Playgrounds have been my lifesaver as a new parent. They are just such a great way to have a play date without having to clean your house or spend any money! We’ve been taking B to them since she started crawling. But most importantly I love playgrounds for the language and social skills learning opportunities they allow. Below I will break down expectations and a few ways to encourage language and social skill development by Age with Play Stage (not sure what this is? Read more about it HERE).

Photo by cottonbro on Pexels.com


Up to age 2-2 1/2 your child is in the solitary play stage. This means they really only play by themselves and are relatively unaware of others.

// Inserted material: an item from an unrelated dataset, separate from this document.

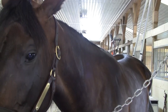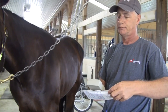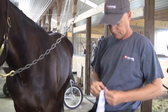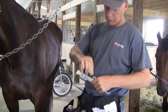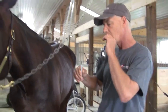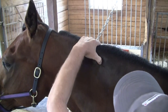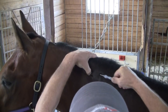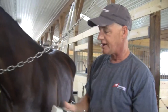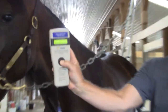Now we're going to take the chip. We're going to verify that the chip is the correct number that it says on the card — just to make sure: four, two, six. Remove the chip from its package, remove the guard, prepare to insert the chip. And that's it. Now I'm going to scan the chip to make sure it's reading. And it is. And there's the horse's new ID.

3 Ways to Use the Playground:

  • Teach the Vocabulary- objects AND verbs!
  • Call attention to peers doing the same thing (Look! She’s swinging just like you)
  • Model joining YOUR CHILD in play (e.g. “I want to slide with you!” Or “Can we play Hide and Seek?”)

At the end of this stage you want them to have the vocabulary of the playground AND the confidence to do most of the playground equipment independently. You’ve also spent a lot of time “pre-teaching” words to use with peers to initiate/join in play and share toys.

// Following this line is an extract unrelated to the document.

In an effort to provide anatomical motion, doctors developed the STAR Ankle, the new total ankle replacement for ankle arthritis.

Is your child just beginning to talk? Check out my post on backyard/playground vocabulary activity ideas!


Around the age of 2 1/2-3 you will likely notice your child beginning to play next to other children in the same activity. On the playground this often shows up as running with the other kids in a game of chase (although the other kids may have no idea your child is playing with them!) or wanting to swing the same way as the child in the next swing.

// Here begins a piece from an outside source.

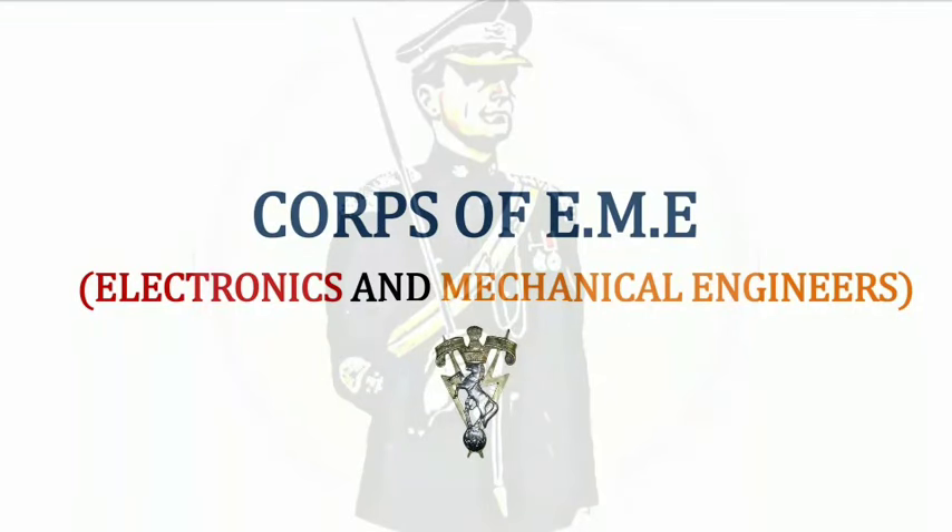Hello friends, welcome to GCA. Today's video is part of the regimental series and this is my fourth video in the series. Previously I have made detailed videos on mechanized infantry, artillery regiment, and armored corps. Today's video is regarding the Corps of EME, which stands for Electronics and Mechanical Engineers. I'm going to cover the role of EME, its units, brief history, and major achievements.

3 Ways to Use the Playground to Support:

◦ Pay attention to what their observing and narrate- include ways they could ask to join in on the fun

◦ Step back and watch- remember you’re not expecting them to play with the other kids. It will be more like your child copying them. Allowing them to explore on their own increases the likelihood of them venturing to other kids.

◦ Facilitate turn taking and problem solving when needed. Use consistent, age appropriate vocabulary to help them practice speaking up for themselves (“my turn” “I need a break”, “Can I go next?”, etc.)


Your child will enter the final play stage by the time they turn 5. Around 3 1/2-4 they with start sharing and taking about play. And by ~4 1/2 they will actually be able to truly play with other children while having the same goal. This may look like the playground being a lava field or all of the kids running around pretending to be chasing pirates, etc.!

3 Ways to Use the Playground Support:

◦ Facilitate playground games like Tag, Hide n’ Seek, Red Light Green Light or model pretend play.

◦ Verbalize the “play plan” they are doing. If they go and do their own thing after a few min encourage them to join their friend again or ask the friend to join them.

◦ Give them room/time to problem solve before jumping in to their rescue! Remember you spent the year before modeling and teaching them the vocabulary and problems solving skills needed to start playing with peers.

Playgrounds truly are one of the best ways to teach the foundational skills to build friendships. Take advantage of the free, kid-filled space to build on their joint attention, vocabulary, turn taking skills, play/conversation initiation and maintenance, problem solving skills, and simple perspective taking.